Lake Vineyard, San Marino and San Gabriel

These images are all of what is today San Marino, California at Euston Street and Patton Way. But look at the adobe / masonry part of the building.

The San Gabriel Mission opened up on Tongva land and sometime later or before this land likely had worker housing and agricultural service buildings for the mission near its water-powered grist mill known as El Molino Viejo or “the Old Mill”, which is today part of the Huntington Museum. Nearby canyons supplied the area with water which powered this mill, but also fed a shallow lake that is today Lacy Park.

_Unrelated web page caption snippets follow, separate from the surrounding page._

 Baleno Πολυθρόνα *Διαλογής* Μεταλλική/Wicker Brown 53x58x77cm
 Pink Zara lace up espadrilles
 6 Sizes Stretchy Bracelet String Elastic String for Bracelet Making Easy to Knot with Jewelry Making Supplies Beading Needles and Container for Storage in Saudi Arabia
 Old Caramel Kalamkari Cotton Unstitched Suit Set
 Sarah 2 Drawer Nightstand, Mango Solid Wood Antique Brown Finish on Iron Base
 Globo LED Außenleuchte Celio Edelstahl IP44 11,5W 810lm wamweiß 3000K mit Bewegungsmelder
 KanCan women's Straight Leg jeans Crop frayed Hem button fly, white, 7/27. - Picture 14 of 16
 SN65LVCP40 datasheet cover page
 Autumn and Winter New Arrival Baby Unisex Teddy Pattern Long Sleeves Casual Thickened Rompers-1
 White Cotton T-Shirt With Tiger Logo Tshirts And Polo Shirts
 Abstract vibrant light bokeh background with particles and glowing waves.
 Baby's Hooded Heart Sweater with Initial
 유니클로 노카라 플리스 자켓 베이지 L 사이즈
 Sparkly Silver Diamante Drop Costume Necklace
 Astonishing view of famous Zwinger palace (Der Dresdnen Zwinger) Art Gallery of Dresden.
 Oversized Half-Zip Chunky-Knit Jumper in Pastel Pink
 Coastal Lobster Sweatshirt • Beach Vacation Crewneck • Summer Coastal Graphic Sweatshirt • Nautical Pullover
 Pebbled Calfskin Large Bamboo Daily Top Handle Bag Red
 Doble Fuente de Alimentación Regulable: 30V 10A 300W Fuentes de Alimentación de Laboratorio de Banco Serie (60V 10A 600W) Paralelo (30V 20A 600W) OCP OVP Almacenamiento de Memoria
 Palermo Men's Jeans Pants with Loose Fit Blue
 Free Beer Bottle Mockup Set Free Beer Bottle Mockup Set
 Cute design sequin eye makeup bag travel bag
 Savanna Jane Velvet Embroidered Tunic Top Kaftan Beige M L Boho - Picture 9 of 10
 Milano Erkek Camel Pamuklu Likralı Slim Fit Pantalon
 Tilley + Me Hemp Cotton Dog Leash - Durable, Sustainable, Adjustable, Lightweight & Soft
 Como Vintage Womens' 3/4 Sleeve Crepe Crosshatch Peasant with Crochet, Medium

When the Mexican Government formed and secularized the mission, they gave it the name “Rancho Huerta de Cuati” or “Ranch of the Cuati Garden”. Nothing is written about how the word “cuati” ends up in this garden’s name, or what it meant. It’s possible Franciscans or Tongva were identifying either raccoons or ringtails as coati, which would have been illustrated in spanish codexes written in earlier missions further south where coati are endemic. To this day raccoons are a major problem for ripening grapes in vineyards, and they are in the Procynidae family along with coati.

There is still a 250-year old grape vine in the San Gabriel Mission Courtyard to this day. It’s possible these California “Cuati” still haunt it when ripening time comes.